++++ Data for this task ++++
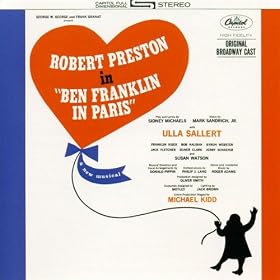 Ben Franklin In Paris - Original Broadway Cast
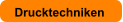 Drucktechniken
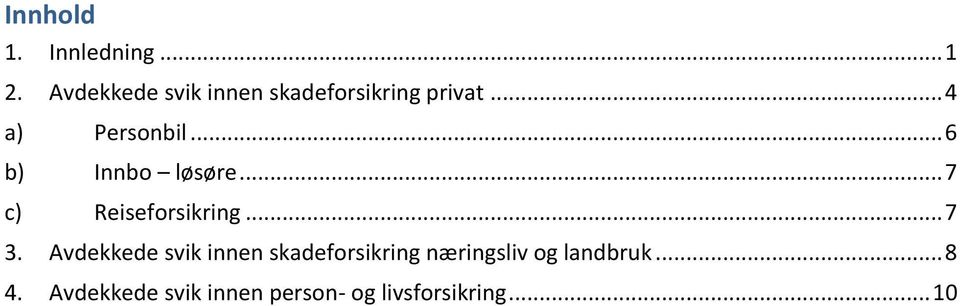 .. 6 b) Innbo løsøre... 7 c) Reiseforsikring... 7 3.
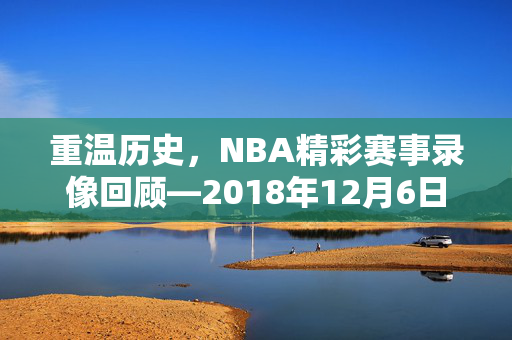重温历史，NBA精彩赛事录像回顾—2018年12月6日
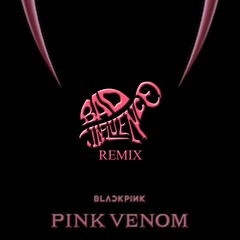 PINK VENOM(Bad Influence Remix)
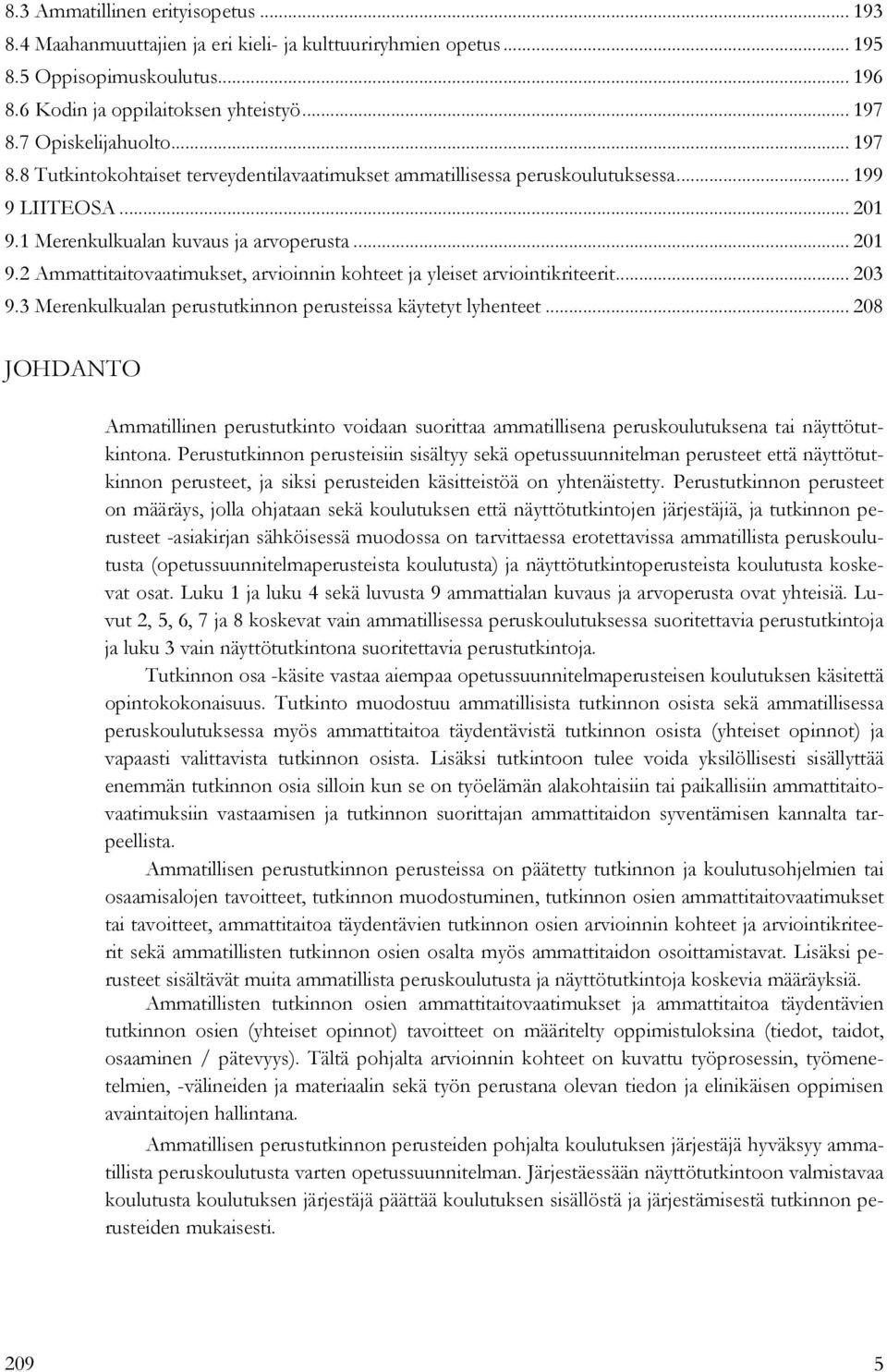 1 Merenkulkualan kuvaus ja arvoperusta... 201 9.2 Ammattitaitovaatimukset, arvioinnin kohteet ja yleiset arviointikriteerit... 203 9.3 Merenkulkualan perustutkinnon perusteissa käytetyt lyhenteet.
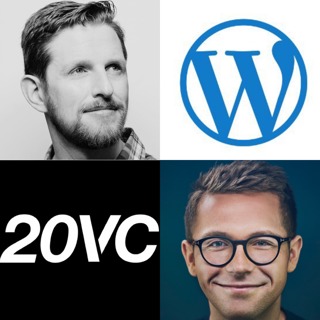 20VC: Matt Mullenweg on Relationships to Risk, Money and Insecurity as a Leader | Lessons from a Parent's Passing and the Pre-Grieving Process | What is High Performance in Leadership Today?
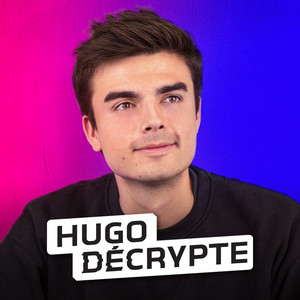 Cover: HugoDécrypte - Actus et interviews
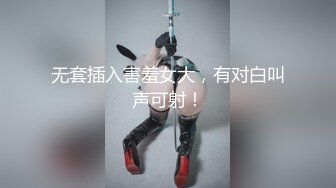 无套插入害羞女大，有对白叫声可射！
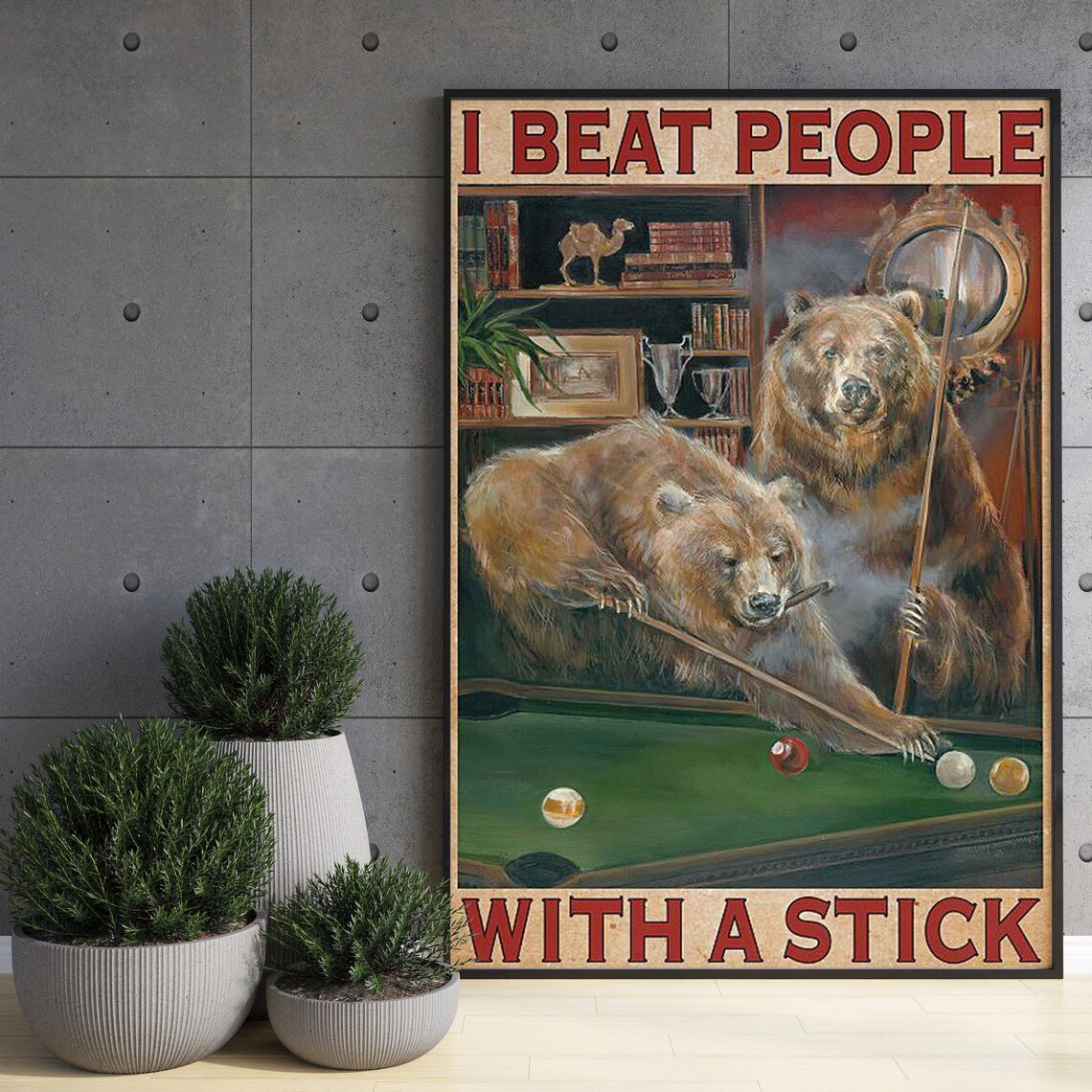 Funny Bears Playing Pool I Beat People With A Stick Vintage Billiards Poster - Image 3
++++
## Exercise objective
If the records contain pictures, skip them, and transcribe exactly every line from the one with "重温历史，NBA精彩赛事录像回顾—2018年12月6日" through the last line.

## Answer for the task
重温历史，NBA精彩赛事录像回顾—2018年12月6日
 PINK VENOM(Bad Influence Remix)
 1 Merenkulkualan kuvaus ja arvoperusta... 201 9.2 Ammattitaitovaatimukset, arvioinnin kohteet ja yleiset arviointikriteerit... 203 9.3 Merenkulkualan perustutkinnon perusteissa käytetyt lyhenteet.
 20VC: Matt Mullenweg on Relationships to Risk, Money and Insecurity as a Leader | Lessons from a Parent's Passing and the Pre-Grieving Process | What is High Performance in Leadership Today?
 Cover: HugoDécrypte - Actus et interviews
 无套插入害羞女大，有对白叫声可射！
 Funny Bears Playing Pool I Beat People With A Stick Vintage Billiards Poster - Image 3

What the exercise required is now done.